そろそろ桜も蕾も膨らみ暖かくなってきますね。
今月も元気に経営サポート隊通信をお届けいたします!

【河合由紀子のちょっとイイ話】
今月は、日経電子版(Mono Trendy 2022年2月9日 一部編集)から、注文から受け取りまで一切人と接しないフルーツオレの専門店の記事をご紹介します。オーダーメイド、非接触、効率的な店舗運営ということ以外に、実験的に実店舗を持つことにより顧客情報を活用し、またBtoBの新規ビジネスにつなげようという試みがうかがえます。

『フルーツオレ専門店「The Label Fruit」は、モバイルオーダーサービスを展開するShowcase Gigと、コインロッカーや通貨幣処理機などを製造・販売するグローリーが、2021年12月に共同で立ち上げた店舗だ。事前にモバイルオーダーで注文しないと、店舗で商品を受け取れない「BOPIS(バイ・オンライン・ピックアップ・イン・ストア)」形態の飲食店だ。出来上がりの商品は店頭に設置したロッカーを介して渡すため、完全に非接触で受け渡しができる。店舗はバックヤードで商品を作るスタッフのみで運営されており、販売スタッフはいない。事前注文から店頭での受け取りまで、客側の一連の流れは簡単だ。まず来店前に、インスタグラムかグーグルマップに表示される店舗のプロフィル画面から、商品の購入ページにアクセスする。商品を選択し、受け取り時間やクレジットカード情報などを設定。注文が完了すると、店舗から商品を受け取る際に必要なQRコードがメールで送られてくる。あとは指定の時間に来店して、店内のロッカーにQRコードを読み込ませ、商品を受け取る。フルーツオレは、味がストロベリーやメロンなど5種類、下地となるミルクが3種類から選べる。さらに、ナタデココや杏仁豆腐などのトッピングが選べ、甘さの度合いも調整可能。価格は税込みで1000円前後だ。商品のラベルもカスタマイズできる。色は12種類、デザインを8種類以上そろえ、名前も記入できる。
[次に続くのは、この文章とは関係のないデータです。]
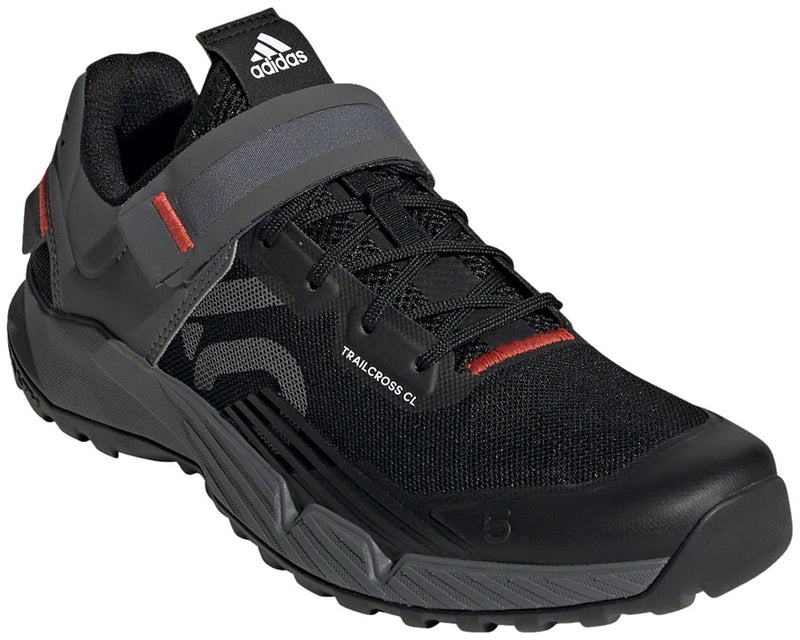Load image into Gallery viewer, Five-Ten-Trailcross-Clip-In-Shoe---Women&#39;s--Core-Black-Grey-Three-Red-Mountain-Shoes-_MTSH1531
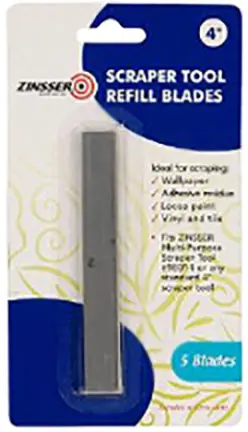 Zinsser 4-Inch Scraper Blade Refills – Pack Of Replacement Blades 1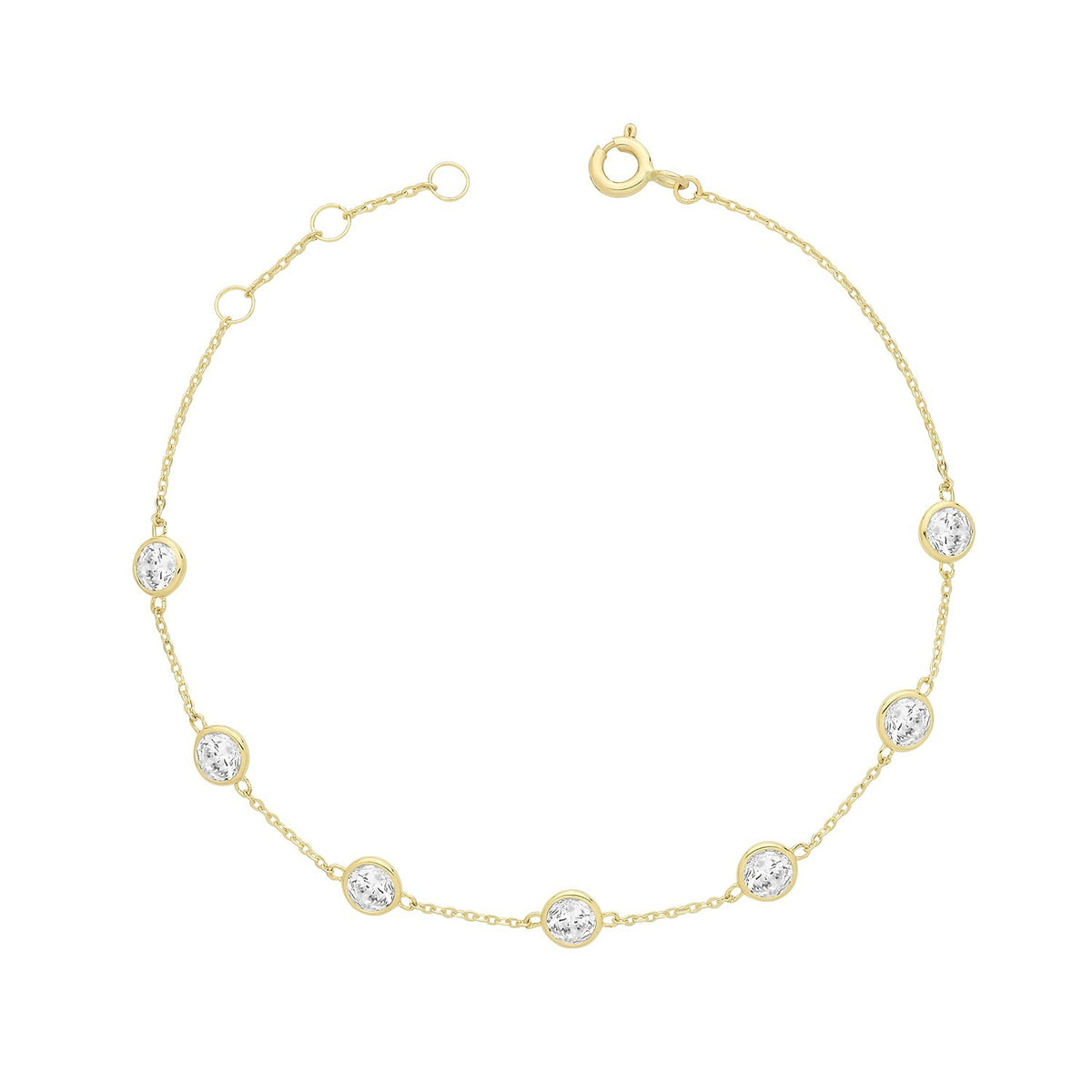 Flush Tennis Necklace and Bracelet Set 9ct Yellow Gold 375 Hallmarked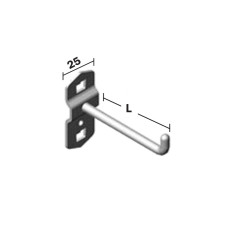 BULLE: ΓΑΝΤΖΟΣ ΜΟΝΟΣ L:150mm ΓΙΑ ΠΛΑΤΗ ΔΙΑΤΡΗΤΗ HP-15 & HP-21 ΚΑΙ ΕΡΓΑΛΕΙΟΦΟΡΕΙΣ - 66454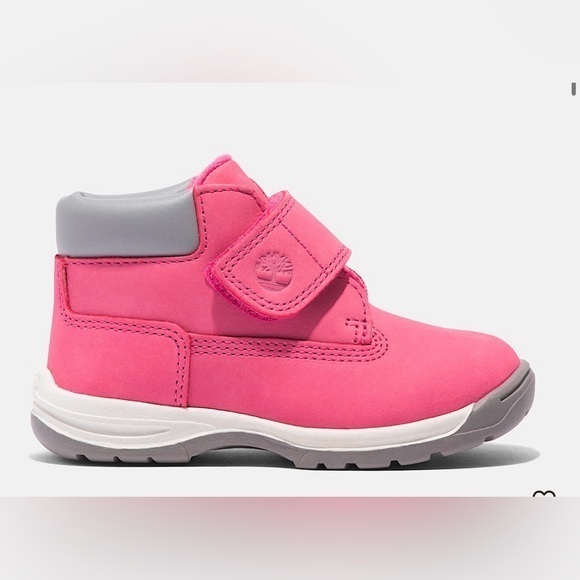 Timberland Other - Timberland Kids Bright Pink and Gray Boots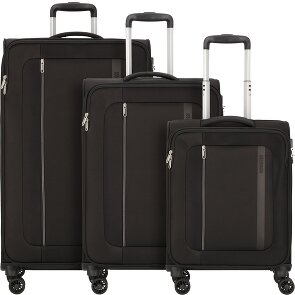 American Tourister Blazing Ride 4 wheels Suitcase set 3-piece with expansion pleat American Tourister Blazing Ride 4 wheels Suitcase set 3-piece with expansion pleat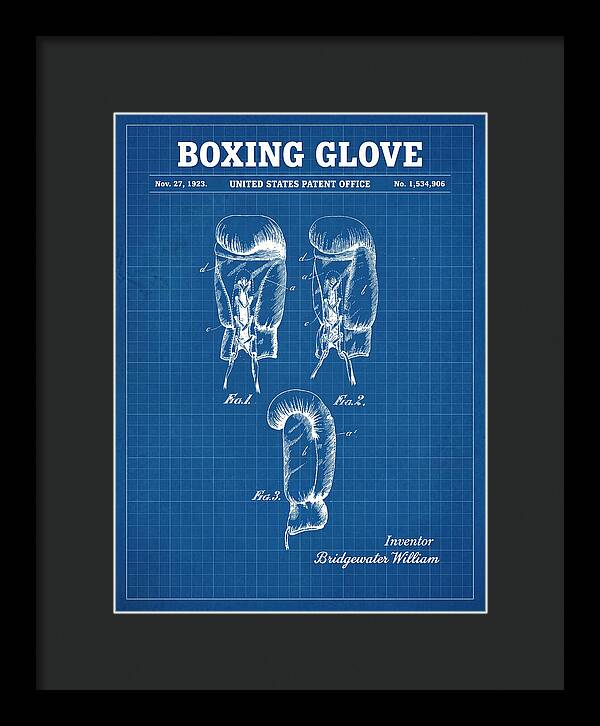 Boxing Glove Blueprint Patent Us1534906a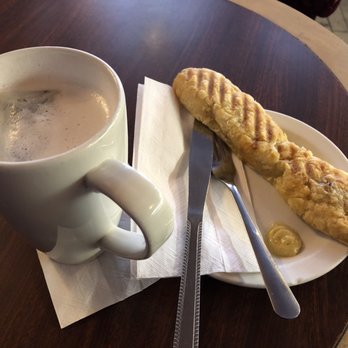 Tango Palace Coffee Company - London fog and sausage roll. I could only taste the milk in this drink, barely any earl grey - Toronto, ON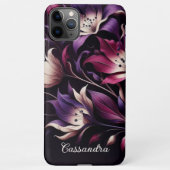 Elegante klassieke lelies Fine Art Botanische schi iPhone Hoesje (Achterkant)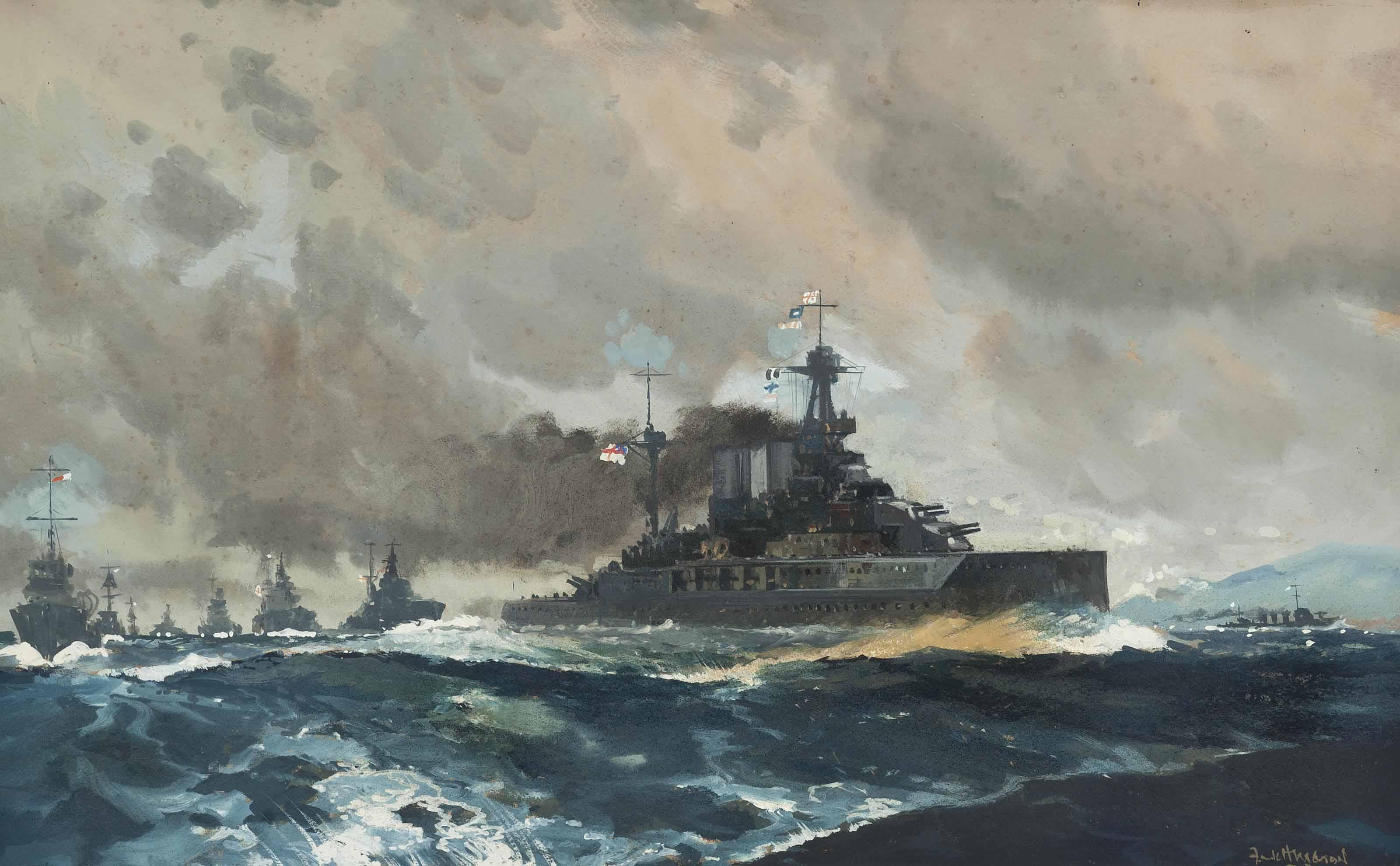 Frank Henry Mason, R.I., R.S.M.A. - The 5Th Battle Squadron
Z世代はスマホ起点で、あらゆる物事を完結させるのに慣れているので、自分だけの一点モノや、カスタマイズする体験を求めている。そこで、購入体験をより楽しんでもらえるよう、バリエーションの選択肢を増やした。ラベルの色や種類が豊富で、商品自体も色鮮やかなので、推し活やSNS映えの効果も期待できると考えている。また、受け取り場所となる店内からも、体験価値を感じてもらえる仕掛けを施す。ロッカーの扉はモニターになっており、内部からデジタル映像を流せる。商品の人気ランキングや、受け取り時にデザインしたボトルのバーチャル映像を映す。イートインはできないが、撮影スポットとして店内を利用できる。壁には撮影時に役立つ鏡を貼ったり、若年層に人気のネオンサインで飾った。顧客によるSNSへの投稿を誘引し、来店動機やリピーターを生み出す狙いだ。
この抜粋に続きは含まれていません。